日経BP社が実施した「エンジニア転職意識調査」の結果を分析すると、IT/電子・機械/建築・土木の職種によって、転職時に重視するものが異なることが分かる。IT系エンジニアは、他の職種よりも「社内でのエンジニアの地位」を気にしている人が多い。
「転職する場合に重視するもの」として優先度が高い項目5つを尋ねた設問で、「社内でのエンジニアの地位」を挙げたITエンジニアは25.3%と、4人に1人に上る。これは電子・機械系と比べて10ポイント、建築・土木系と比べると17ポイント程度高い(図1)。
IT分野のエンジニアは、社内での地位の低さに悩んでいる人が多いことの裏返しだろう。逆に、この項目を選んだ人が7.8%と1割を切る建築・土木系は、社内でも恵まれた立場にいるといえそうだ。同じエンジニアでも、職種によって社内での権限や発言力に違いがあることがうかがえる。

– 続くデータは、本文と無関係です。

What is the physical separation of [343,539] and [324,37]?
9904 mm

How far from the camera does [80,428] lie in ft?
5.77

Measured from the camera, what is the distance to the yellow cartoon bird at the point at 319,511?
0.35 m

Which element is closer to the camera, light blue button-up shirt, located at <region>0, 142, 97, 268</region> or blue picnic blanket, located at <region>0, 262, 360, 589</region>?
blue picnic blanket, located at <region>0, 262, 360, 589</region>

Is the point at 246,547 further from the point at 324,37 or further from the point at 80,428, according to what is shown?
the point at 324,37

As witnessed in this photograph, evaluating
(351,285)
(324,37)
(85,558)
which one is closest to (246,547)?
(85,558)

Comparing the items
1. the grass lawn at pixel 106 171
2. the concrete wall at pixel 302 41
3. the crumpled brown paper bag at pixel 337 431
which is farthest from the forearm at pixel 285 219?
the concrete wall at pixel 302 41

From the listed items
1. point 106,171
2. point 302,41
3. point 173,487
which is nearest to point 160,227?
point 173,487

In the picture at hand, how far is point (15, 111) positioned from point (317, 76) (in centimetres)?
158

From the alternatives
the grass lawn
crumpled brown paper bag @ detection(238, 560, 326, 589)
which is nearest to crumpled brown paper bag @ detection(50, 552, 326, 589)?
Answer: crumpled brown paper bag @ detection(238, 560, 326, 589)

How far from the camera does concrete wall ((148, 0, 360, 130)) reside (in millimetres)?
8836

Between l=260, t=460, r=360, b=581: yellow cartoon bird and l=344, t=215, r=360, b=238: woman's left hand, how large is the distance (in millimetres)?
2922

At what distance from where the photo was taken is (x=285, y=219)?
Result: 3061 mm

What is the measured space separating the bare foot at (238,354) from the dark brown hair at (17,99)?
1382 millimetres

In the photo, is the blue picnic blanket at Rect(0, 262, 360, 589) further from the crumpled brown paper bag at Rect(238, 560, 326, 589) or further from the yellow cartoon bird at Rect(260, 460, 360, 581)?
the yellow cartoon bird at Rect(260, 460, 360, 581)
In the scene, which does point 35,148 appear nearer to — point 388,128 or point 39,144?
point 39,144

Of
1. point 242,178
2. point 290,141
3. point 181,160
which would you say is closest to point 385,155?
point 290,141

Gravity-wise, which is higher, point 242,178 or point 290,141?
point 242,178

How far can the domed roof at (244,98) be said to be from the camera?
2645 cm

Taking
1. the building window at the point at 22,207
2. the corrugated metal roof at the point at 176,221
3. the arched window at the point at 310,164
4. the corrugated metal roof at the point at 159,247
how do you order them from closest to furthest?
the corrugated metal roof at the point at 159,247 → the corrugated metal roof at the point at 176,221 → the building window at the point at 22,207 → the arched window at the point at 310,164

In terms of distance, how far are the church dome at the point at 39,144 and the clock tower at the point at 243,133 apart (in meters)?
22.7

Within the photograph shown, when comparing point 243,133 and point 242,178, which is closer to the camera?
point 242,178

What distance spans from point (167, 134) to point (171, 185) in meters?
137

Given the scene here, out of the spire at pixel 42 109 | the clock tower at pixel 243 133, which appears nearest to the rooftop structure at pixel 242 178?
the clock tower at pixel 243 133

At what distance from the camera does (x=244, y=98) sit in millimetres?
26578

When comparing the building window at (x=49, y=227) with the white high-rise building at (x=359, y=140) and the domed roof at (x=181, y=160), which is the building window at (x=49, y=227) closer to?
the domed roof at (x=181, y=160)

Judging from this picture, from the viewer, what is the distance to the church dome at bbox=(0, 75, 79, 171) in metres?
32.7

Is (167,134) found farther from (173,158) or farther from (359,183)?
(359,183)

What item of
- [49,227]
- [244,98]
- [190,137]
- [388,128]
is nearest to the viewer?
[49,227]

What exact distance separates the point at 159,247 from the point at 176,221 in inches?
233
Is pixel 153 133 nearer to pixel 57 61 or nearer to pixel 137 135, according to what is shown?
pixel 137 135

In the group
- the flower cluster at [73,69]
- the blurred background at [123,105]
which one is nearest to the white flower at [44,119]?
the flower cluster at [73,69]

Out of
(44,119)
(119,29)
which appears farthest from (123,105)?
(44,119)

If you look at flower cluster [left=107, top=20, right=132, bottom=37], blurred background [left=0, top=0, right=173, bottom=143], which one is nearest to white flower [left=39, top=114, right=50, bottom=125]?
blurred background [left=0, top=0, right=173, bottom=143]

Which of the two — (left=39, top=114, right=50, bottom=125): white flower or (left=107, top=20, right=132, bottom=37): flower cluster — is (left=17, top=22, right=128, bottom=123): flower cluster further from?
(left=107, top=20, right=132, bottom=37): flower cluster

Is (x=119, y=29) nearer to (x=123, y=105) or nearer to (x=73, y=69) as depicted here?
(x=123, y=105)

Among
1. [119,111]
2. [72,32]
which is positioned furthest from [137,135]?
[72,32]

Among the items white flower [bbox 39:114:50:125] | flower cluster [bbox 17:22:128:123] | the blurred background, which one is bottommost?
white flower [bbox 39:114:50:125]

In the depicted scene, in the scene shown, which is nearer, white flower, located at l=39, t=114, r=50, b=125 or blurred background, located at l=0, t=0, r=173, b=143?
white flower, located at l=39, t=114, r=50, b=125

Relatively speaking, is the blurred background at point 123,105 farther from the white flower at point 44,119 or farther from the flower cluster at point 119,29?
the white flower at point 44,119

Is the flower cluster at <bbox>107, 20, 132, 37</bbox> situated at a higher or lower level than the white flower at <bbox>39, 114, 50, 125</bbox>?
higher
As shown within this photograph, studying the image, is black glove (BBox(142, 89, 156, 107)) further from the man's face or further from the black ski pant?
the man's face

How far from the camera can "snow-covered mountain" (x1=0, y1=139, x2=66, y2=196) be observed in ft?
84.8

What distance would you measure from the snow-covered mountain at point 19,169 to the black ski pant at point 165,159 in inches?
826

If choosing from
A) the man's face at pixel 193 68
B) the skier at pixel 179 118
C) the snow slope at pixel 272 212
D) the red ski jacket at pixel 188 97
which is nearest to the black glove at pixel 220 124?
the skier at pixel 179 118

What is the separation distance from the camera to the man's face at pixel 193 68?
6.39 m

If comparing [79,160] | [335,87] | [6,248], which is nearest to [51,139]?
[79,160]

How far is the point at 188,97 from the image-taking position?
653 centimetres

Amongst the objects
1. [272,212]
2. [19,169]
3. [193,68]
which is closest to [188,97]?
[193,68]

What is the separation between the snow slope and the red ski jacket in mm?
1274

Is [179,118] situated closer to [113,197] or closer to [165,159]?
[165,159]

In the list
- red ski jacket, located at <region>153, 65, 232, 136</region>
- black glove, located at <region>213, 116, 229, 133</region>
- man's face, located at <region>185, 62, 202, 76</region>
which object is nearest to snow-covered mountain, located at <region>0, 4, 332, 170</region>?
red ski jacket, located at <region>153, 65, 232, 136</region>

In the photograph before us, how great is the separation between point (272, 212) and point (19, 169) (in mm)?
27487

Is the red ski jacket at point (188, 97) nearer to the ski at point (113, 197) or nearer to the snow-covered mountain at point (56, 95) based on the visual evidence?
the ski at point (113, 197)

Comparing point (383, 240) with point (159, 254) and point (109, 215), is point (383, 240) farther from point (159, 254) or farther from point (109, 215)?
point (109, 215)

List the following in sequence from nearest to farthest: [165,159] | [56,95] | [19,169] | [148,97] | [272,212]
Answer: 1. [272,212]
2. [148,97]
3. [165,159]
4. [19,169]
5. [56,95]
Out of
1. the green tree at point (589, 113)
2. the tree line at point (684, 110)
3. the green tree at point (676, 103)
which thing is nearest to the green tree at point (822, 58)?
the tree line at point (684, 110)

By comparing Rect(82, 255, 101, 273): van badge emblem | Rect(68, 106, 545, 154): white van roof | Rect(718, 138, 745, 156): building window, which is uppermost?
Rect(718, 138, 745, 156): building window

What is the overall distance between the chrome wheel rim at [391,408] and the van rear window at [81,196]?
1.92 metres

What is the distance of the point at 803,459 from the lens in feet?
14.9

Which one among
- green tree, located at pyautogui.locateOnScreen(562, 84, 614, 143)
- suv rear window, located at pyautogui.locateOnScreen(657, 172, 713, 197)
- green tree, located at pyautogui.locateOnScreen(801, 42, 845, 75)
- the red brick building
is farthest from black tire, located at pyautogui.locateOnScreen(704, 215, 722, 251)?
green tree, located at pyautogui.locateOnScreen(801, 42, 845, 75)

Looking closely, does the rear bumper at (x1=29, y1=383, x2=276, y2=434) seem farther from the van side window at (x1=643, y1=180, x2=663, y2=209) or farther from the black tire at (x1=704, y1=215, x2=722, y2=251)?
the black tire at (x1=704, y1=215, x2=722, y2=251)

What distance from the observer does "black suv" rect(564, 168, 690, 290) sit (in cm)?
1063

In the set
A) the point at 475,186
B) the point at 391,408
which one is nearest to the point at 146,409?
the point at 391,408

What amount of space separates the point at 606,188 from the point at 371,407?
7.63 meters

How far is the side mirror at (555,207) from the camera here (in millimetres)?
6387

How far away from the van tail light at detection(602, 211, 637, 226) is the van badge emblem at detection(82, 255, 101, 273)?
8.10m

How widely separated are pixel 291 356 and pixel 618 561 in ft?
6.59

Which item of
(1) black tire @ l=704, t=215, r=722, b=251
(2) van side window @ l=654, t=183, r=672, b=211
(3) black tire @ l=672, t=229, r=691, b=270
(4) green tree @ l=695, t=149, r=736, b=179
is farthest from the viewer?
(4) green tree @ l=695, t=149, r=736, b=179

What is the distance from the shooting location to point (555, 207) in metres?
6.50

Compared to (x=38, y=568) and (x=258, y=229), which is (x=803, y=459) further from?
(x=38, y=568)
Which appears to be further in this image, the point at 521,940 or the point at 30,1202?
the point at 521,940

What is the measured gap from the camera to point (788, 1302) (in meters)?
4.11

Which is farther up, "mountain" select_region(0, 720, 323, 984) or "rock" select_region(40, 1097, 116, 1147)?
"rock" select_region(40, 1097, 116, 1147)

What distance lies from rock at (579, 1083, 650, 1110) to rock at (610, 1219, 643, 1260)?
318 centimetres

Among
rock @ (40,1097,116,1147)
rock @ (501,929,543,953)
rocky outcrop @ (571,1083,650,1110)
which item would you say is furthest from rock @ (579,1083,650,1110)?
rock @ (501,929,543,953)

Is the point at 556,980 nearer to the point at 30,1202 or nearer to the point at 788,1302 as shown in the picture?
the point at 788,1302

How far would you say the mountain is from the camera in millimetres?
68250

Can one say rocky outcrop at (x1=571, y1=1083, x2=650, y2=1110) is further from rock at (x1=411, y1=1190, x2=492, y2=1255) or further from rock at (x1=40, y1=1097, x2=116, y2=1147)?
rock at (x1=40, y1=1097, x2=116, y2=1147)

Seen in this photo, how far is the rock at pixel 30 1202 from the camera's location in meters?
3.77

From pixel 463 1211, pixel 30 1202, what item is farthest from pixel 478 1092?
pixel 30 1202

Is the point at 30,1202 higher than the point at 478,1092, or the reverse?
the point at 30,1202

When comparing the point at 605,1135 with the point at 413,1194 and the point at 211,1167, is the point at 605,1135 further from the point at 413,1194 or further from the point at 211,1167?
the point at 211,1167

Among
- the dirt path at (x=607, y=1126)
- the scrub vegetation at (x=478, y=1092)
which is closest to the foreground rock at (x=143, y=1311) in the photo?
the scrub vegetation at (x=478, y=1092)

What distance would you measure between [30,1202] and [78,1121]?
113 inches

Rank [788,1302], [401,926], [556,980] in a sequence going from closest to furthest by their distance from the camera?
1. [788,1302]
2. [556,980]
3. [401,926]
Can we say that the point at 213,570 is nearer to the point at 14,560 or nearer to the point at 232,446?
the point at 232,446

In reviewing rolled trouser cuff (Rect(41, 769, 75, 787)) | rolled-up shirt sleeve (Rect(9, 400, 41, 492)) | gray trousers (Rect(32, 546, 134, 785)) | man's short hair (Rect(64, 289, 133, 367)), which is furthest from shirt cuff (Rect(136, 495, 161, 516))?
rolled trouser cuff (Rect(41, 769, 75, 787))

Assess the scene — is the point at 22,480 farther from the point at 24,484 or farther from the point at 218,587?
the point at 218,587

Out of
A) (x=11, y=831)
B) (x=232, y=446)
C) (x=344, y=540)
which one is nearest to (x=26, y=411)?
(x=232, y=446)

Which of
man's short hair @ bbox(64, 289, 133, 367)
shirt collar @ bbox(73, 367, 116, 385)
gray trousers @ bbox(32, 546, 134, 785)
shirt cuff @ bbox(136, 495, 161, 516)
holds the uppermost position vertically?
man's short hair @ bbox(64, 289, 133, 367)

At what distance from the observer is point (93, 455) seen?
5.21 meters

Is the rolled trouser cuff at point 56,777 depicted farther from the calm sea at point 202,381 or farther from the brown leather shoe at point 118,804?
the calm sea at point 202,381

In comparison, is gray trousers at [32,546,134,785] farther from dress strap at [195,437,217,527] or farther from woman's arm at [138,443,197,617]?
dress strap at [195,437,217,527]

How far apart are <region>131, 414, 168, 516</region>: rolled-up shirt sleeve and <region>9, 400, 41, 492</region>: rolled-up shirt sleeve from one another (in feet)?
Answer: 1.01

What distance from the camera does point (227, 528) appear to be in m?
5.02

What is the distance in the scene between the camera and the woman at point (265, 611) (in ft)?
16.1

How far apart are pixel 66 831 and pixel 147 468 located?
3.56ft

このほかIT系では、「在宅勤務制度の有無」が6.4%、「社外活動(学会やコミュニティ、イベントへの参加)への理解」が4.7%と、他の職種を3~5ポイント程度上回った。PCやネットワークなどの環境さえ整っていれば遠隔地でも仕事がしやすい、クラウド分野など技術者コミュニティの活動が盛ん、といった背景があると考えられる。「IT予算(IT化に積極的かどうか)」(5.6%)も、どの職種よりも多かった。